Turkey sausage grows on you. We have hot breakfast for probably a quarter of the whole church between services every Sunday, and we share worship and fellowship space with a Messianic Jewish congregation. All breakfast pork is replaced by turkey or chicken variations; now the pork versions seem much too greasy to me.
Sylvia A. Nash
I’m not fond of turkey. Don’t think turkey sausage will ever have a chance to grow on me! Shudders!
My breakfast is a cheap cigar and a bottle of bug juice – either the red kind, the purple kind, or the blue kind. Whatever’s on sale.
* Ah, but my training table breakfast…it was raw liver, grape juice, orange juice, brewer’s yeast, and wheat germ mixed in a blender with ice as a kind of milkshake. It’s better than it sounds, but not much.
Well, either breakfast is Twitter-worthy, but I’m not sure they enhance your brand. People would certainly perk up.
And so healthy! I have to confess that I got the idea for the ‘whipped liver shake’ from Warren beatty’s wonderful movie, “Heaven Can Wait’. Life imitating art?
Of course, that’s not what Beatty actually drank–I hope. One must always take into consideration that doing as one sees done in a film could be a bad idea…
Ah, but Janet, I was much younger then, and we all know that youth is indestructible!
* It was petty effective for building muscle, but nowadays I do wonder about ingesting raw liver…
Sylvia, that was a wonderful, tender moment to share via social media.

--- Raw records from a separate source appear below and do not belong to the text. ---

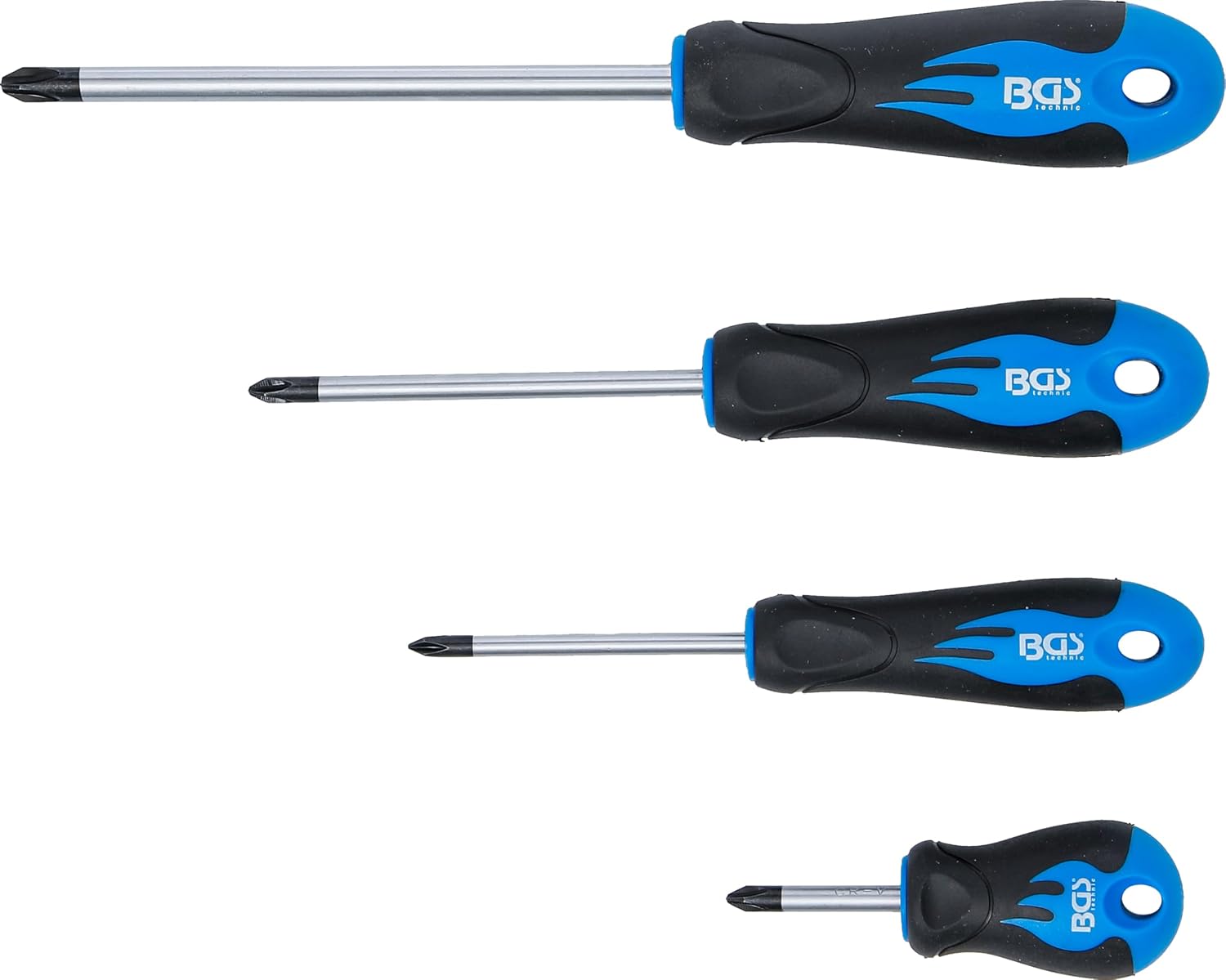 Thumbnail 1 de BGS 70049 JIS-schroevendraaierset, 4-delig met magnetische punten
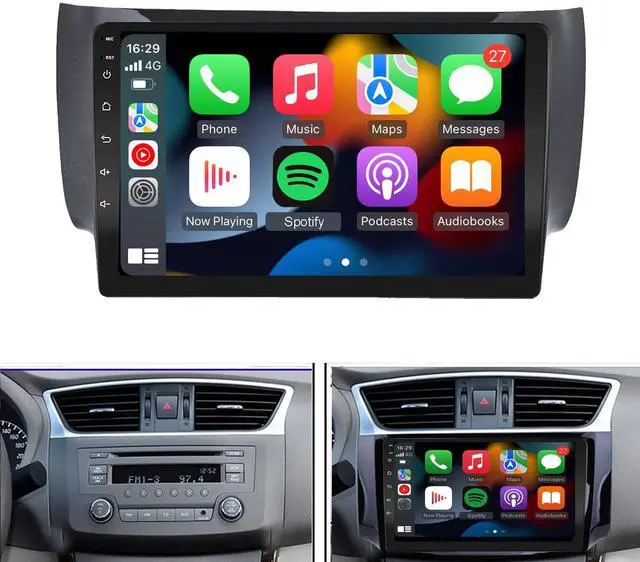 Main image of for 2013-2017 Nissan Sentra Radio,Wireless Carplay&Android Auto,2G+32G | Android 13 Car Radio Stereo Navigation Bluetooth Touch Screen Car Multimedia Radio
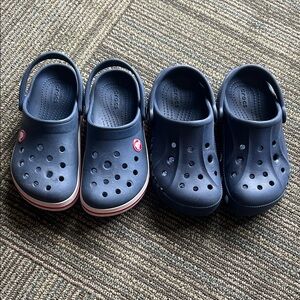 CROCS Kids navy water shoes size 12
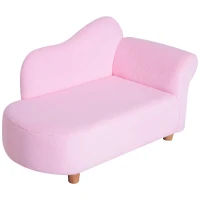 HOMCOM® Kindersofa Mini Kinder Sessel Chaiselongue Rosa(m-6)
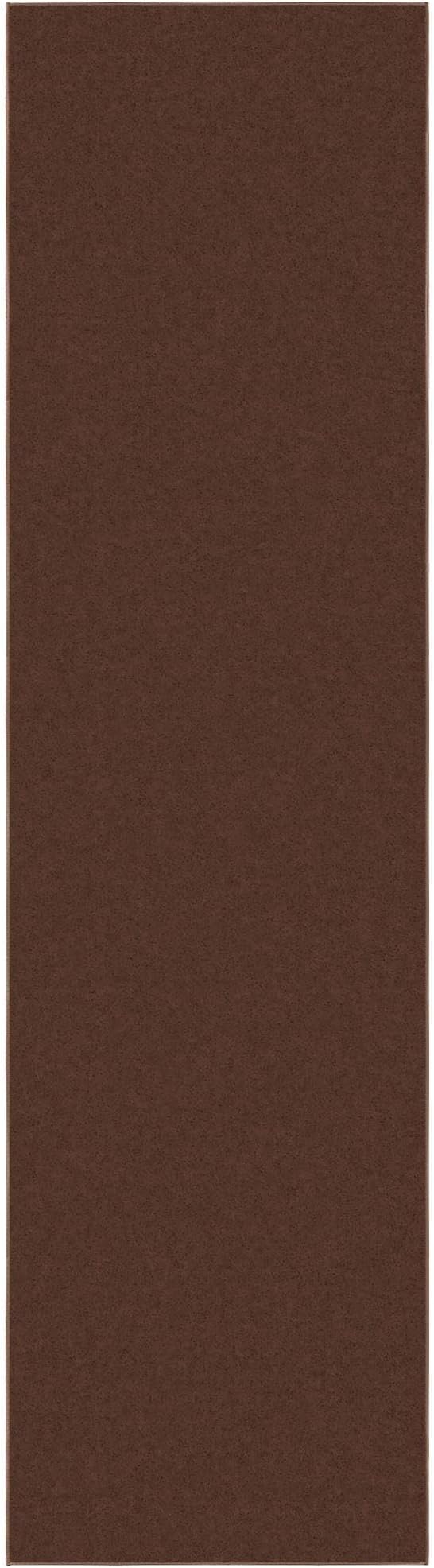 Ottomanson Hallway Runner Rug 2'7" x 9'10" Non Slip Solid Area Rugs Easy to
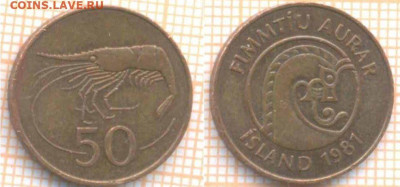 Исландия 50 эйре 1981 г., до 27.02.2020 г. 22.00 по Москве - Исландия 50 зйре 1981 7815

Good for you!
Sylvia A. Nash
Thanks! I’ve been trying more “personal” lately.
Thank you for this helpful post, Janet. These are really great ideas! An author friend of mine offered a free novella to newsletter subscribers and saw great results. Based on her success, I did the same in the romantic suspense genre and have also gotten a fair number of additional subscribers because of the novella. What’s more, I’m giving them a sample of my writing and something of value for subscribing. Hopefully just the thing to build my readership.

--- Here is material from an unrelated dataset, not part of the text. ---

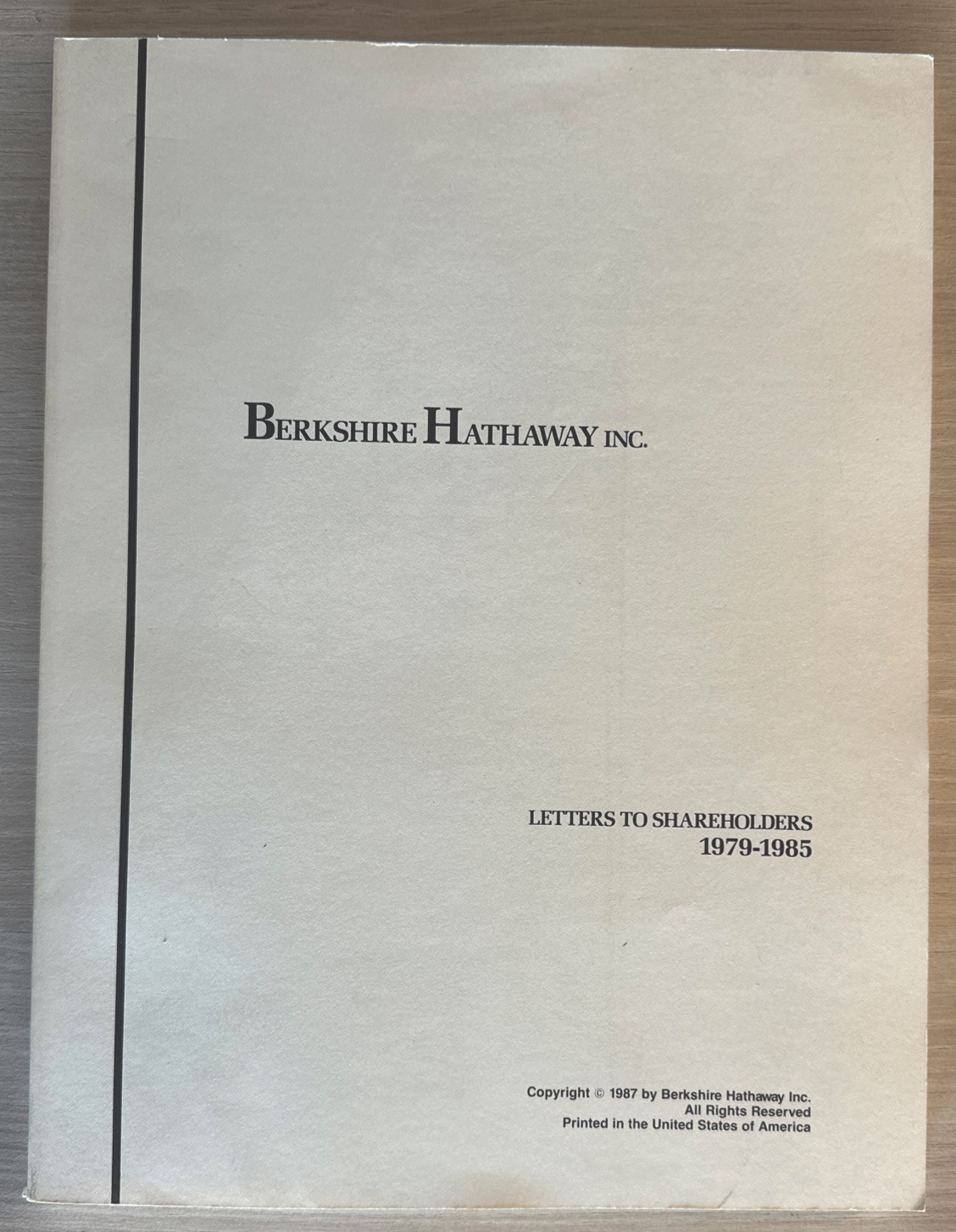 RARE Berkshire Hathaway Annual Report 1979 - 1985 Warren Buffett Charlie Munger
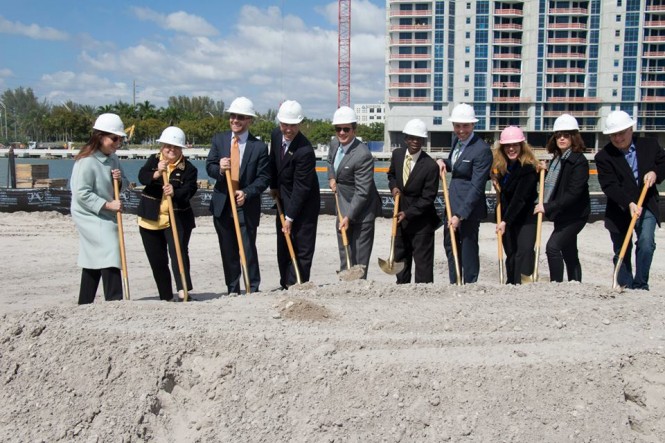 Groundbreaking event at Marina Palms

Jerusha, I’m sure others reading the comments will be encouraged to know what worked for you. Thanks for letting us know.

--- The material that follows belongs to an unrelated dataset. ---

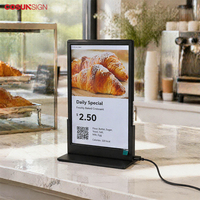 Écran tactile COSUNDIGITAL pour menu de table, affichage publicitaire LCD compact en métal pour restaurant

This is great, Janet. It sounds so simple in many ways, but wow … so tricky. I love Beth Moore’s prayer … I say it all the time … “Lord, make me smarter than I am.” 🙂
Judy Gordon Morrow
I loved this post, Janet–thanks! It really confirmed for me what I’ve been thinking and praying about regarding how to best engage on social media. For being such a people person, I have felt rather shy online for years. Now I’m finally feeling more comfortable and enjoying engaging with others on my personal Facebook page, but I’ve neglected my author page. I’ve noticed that quite a few author friends often post the same things on both of their pages, so I’m wondering if I also should just go with that and not worry about the folks who follow me on both pages. Your wise thoughts? Thanks!
Hey, Judy! I would make a choice about duplicate mentions for each post. Sometimes you want to share something personal with your friends and family; sometimes, such as when you have a new cover, you want to share that with both groups. But you might want to word your post differently for each group. Thinking it through each time enables you flexibility, which I think is important. Even if I see the new cover on both your friends and your author pages, if it’s worded differently, I’d probably read it both places–double exposure but not duplicate exposure.
Judy Gordon Morrow
Thanks so much, Janet! What you suggested is exactly what I’ve done the few times I have shared the same info on both pages, so I appreciated your confirmation. I like the phrase, “double exposure but not duplicate exposure.” Perfect!